RECORD EXCERPTS below:
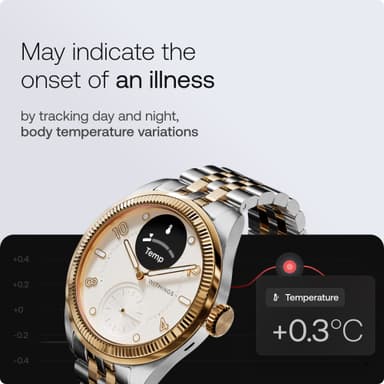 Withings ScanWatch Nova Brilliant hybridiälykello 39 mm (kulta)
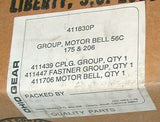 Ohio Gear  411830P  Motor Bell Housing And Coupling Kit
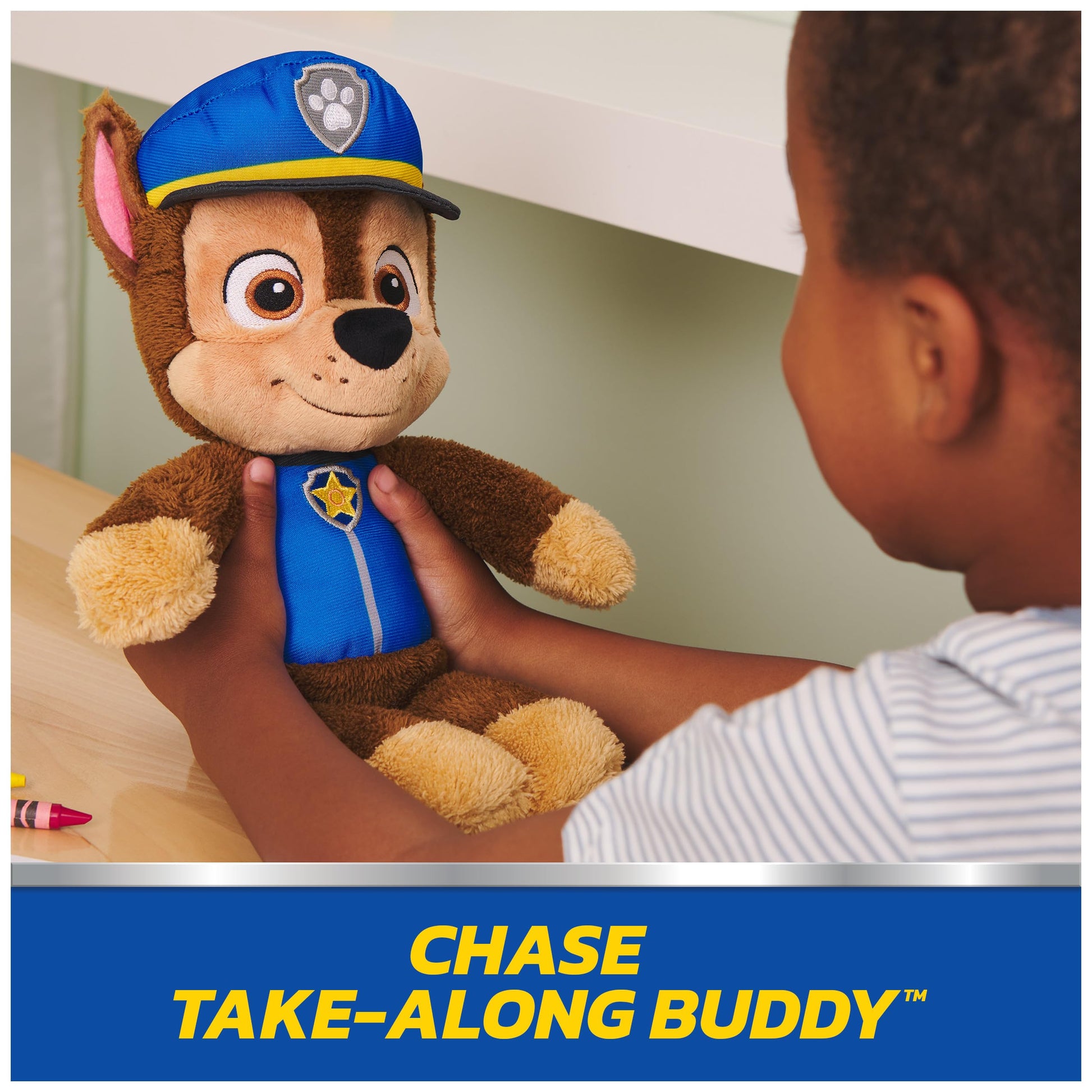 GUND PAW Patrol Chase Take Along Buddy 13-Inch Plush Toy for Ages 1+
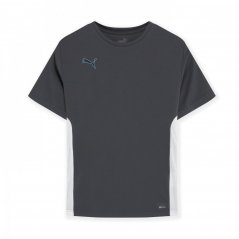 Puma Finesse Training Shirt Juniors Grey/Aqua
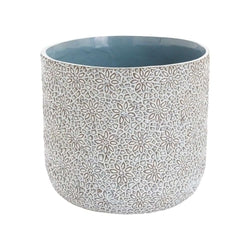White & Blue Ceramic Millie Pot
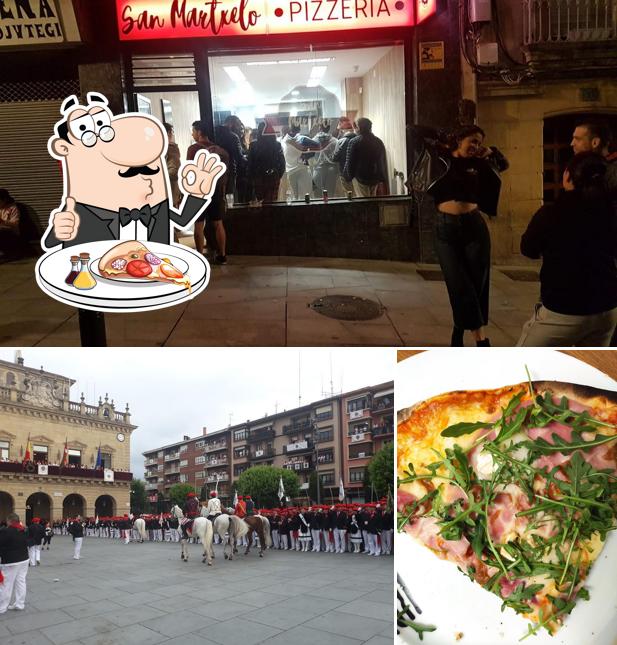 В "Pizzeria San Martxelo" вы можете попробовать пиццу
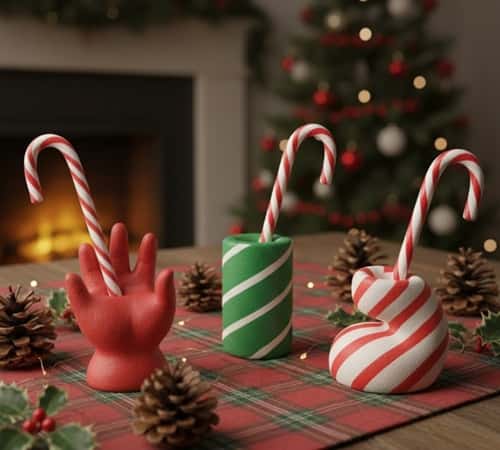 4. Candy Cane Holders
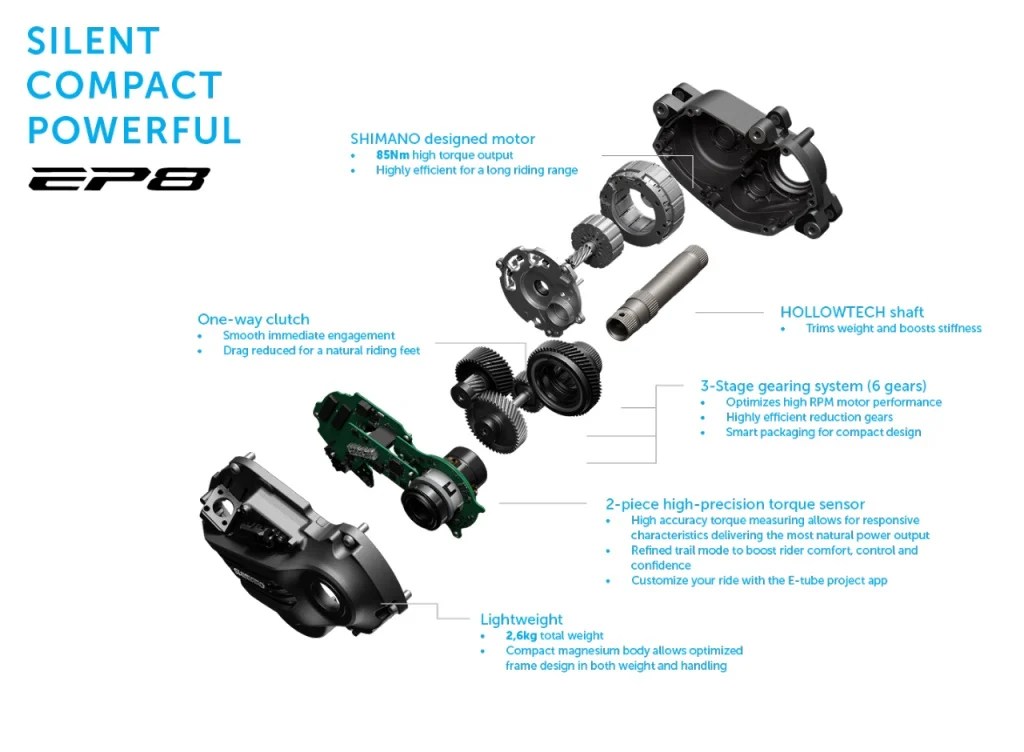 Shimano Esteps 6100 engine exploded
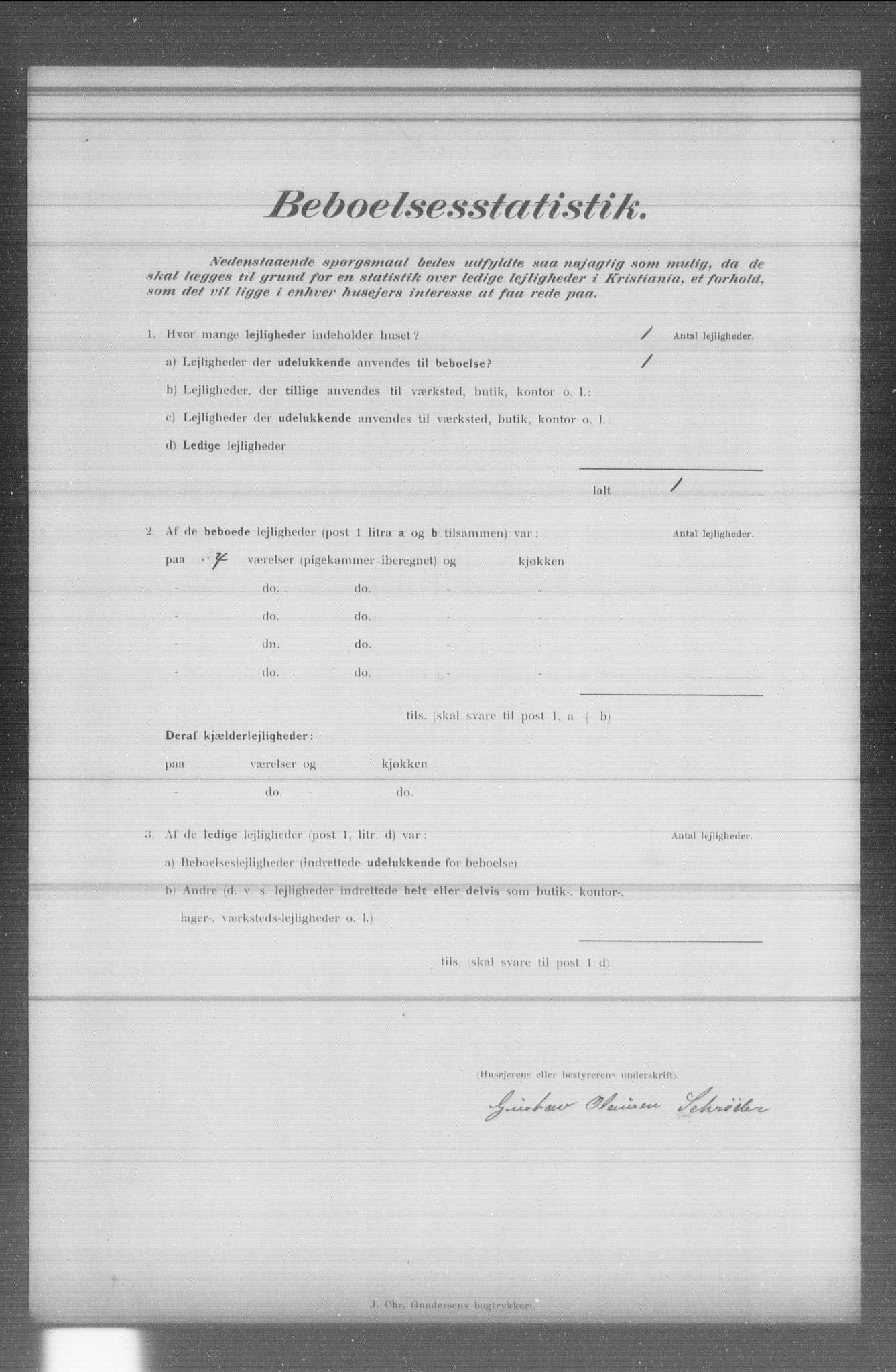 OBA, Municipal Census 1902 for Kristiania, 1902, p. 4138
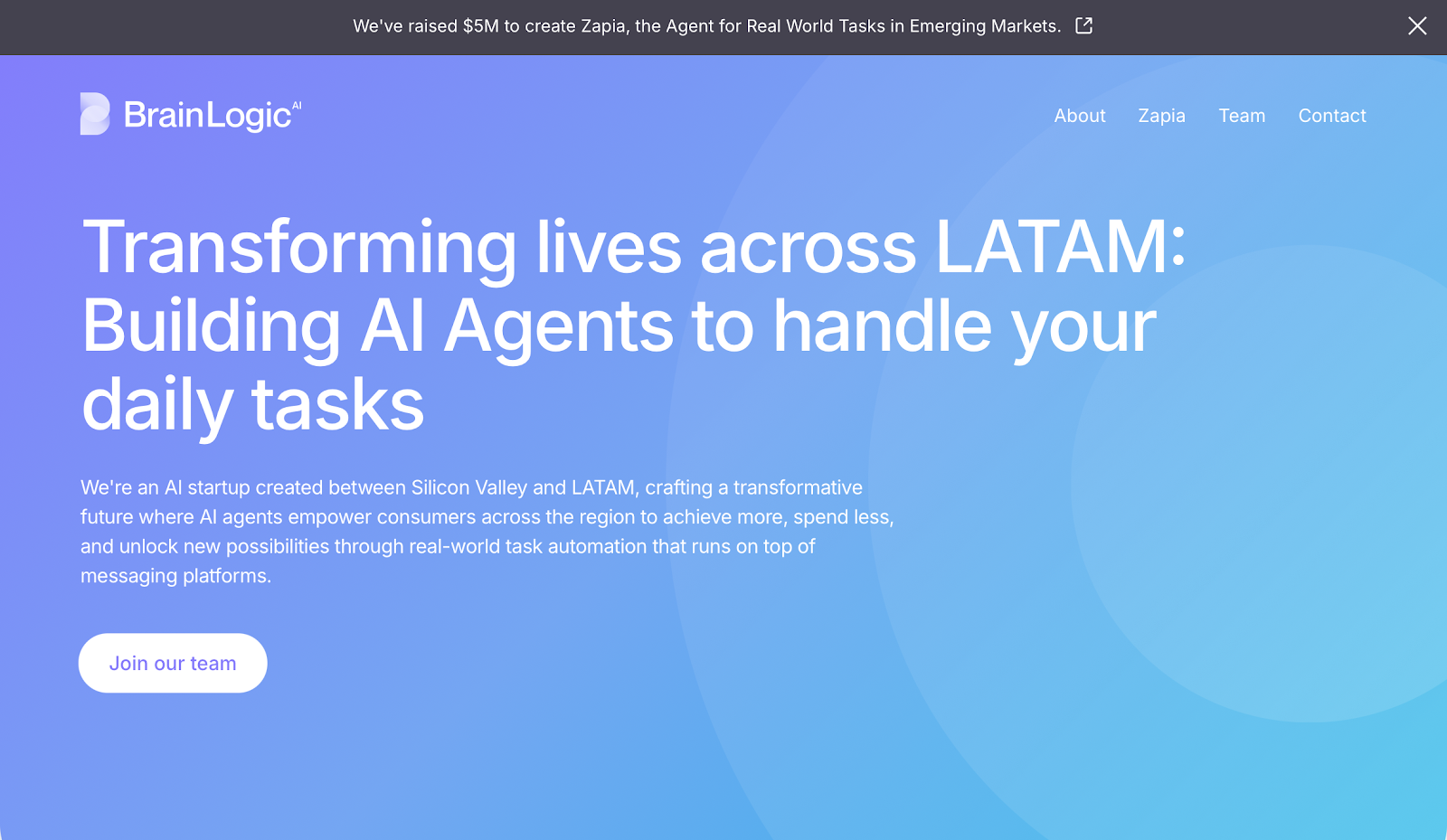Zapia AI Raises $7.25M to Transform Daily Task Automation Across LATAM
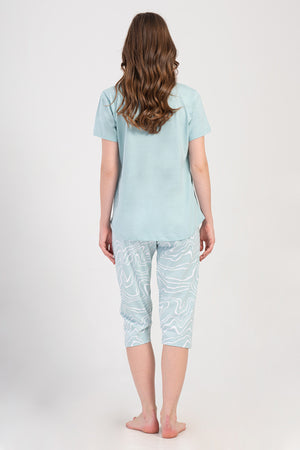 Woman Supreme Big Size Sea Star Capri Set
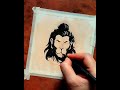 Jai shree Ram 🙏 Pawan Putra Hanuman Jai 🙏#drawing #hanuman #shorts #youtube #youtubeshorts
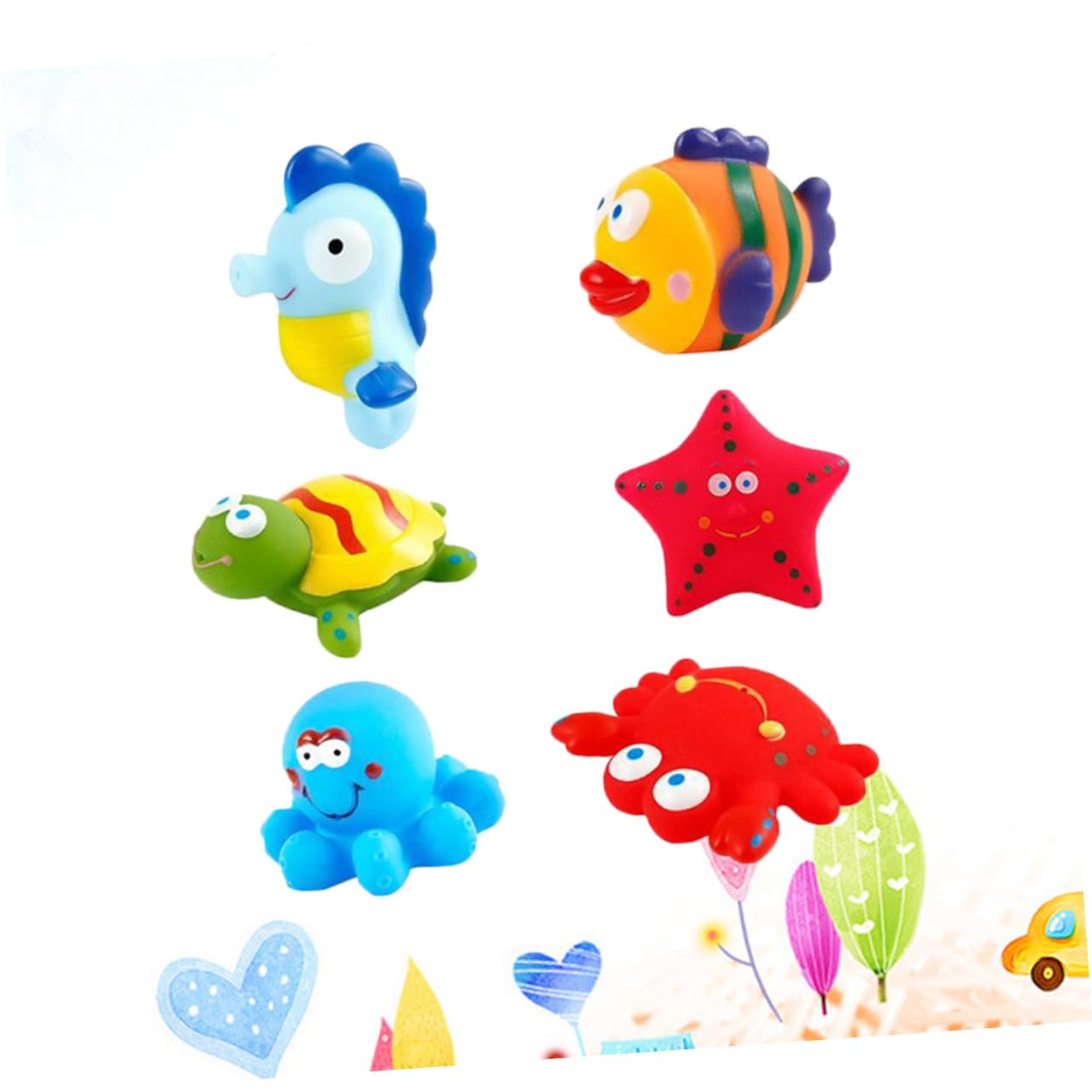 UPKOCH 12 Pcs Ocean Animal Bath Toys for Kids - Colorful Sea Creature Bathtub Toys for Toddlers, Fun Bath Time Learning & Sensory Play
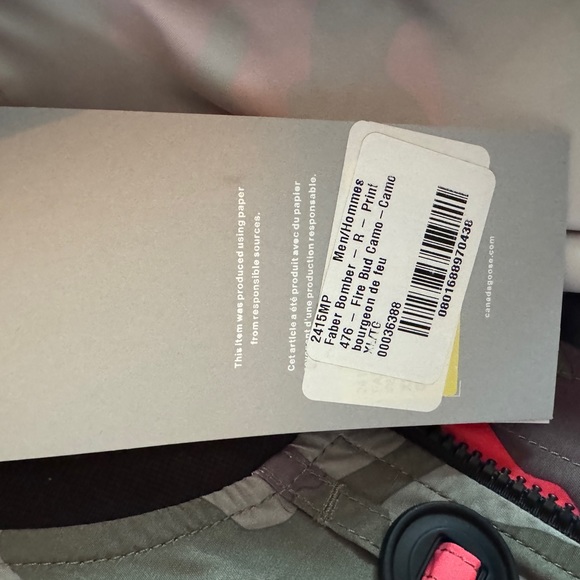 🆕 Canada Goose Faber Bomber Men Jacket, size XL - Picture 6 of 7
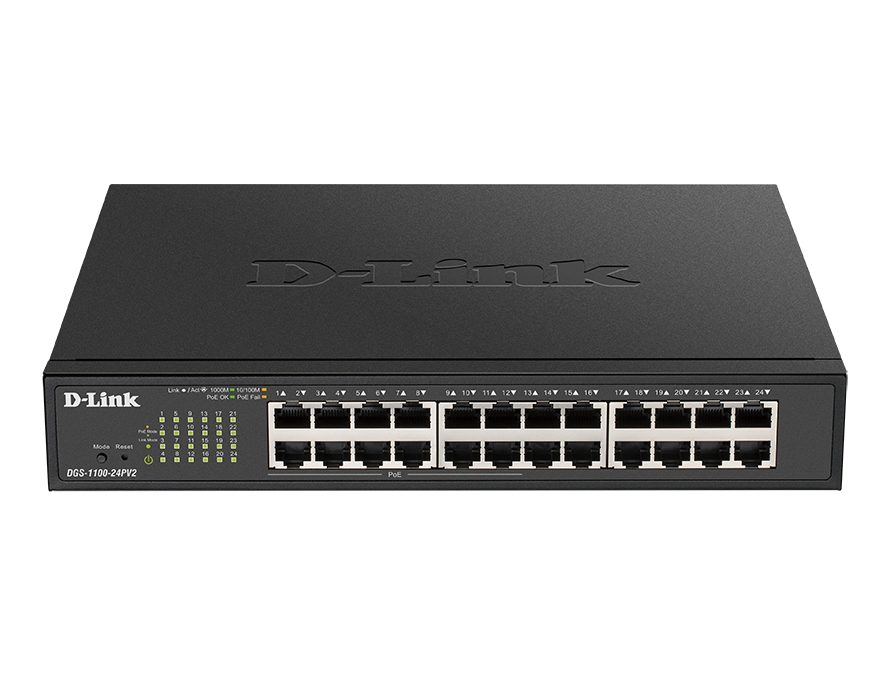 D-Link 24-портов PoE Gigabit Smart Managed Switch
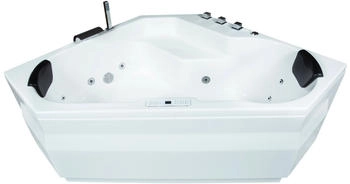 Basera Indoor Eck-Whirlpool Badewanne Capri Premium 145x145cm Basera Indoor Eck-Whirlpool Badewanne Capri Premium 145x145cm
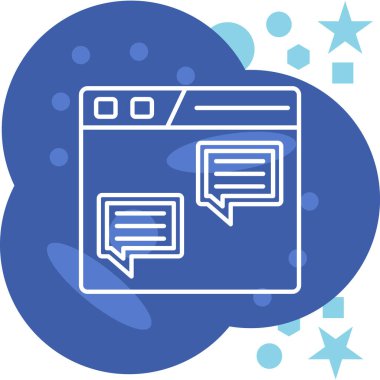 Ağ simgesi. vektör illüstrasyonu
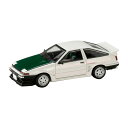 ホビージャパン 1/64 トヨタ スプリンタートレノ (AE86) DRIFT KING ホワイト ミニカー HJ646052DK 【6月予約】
End of RECORD EXCERPTS.
The exact lines from the one containing "Ağ simgesi. vektör illüstrasyonu" through the end of the data are to be copied, with both ends kept and pictures left out.

ANSWER FOR THE TASK:
 Ağ simgesi. vektör illüstrasyonu
 ホビージャパン 1/64 トヨタ スプリンタートレノ (AE86) DRIFT KING ホワイト ミニカー HJ646052DK 【6月予約】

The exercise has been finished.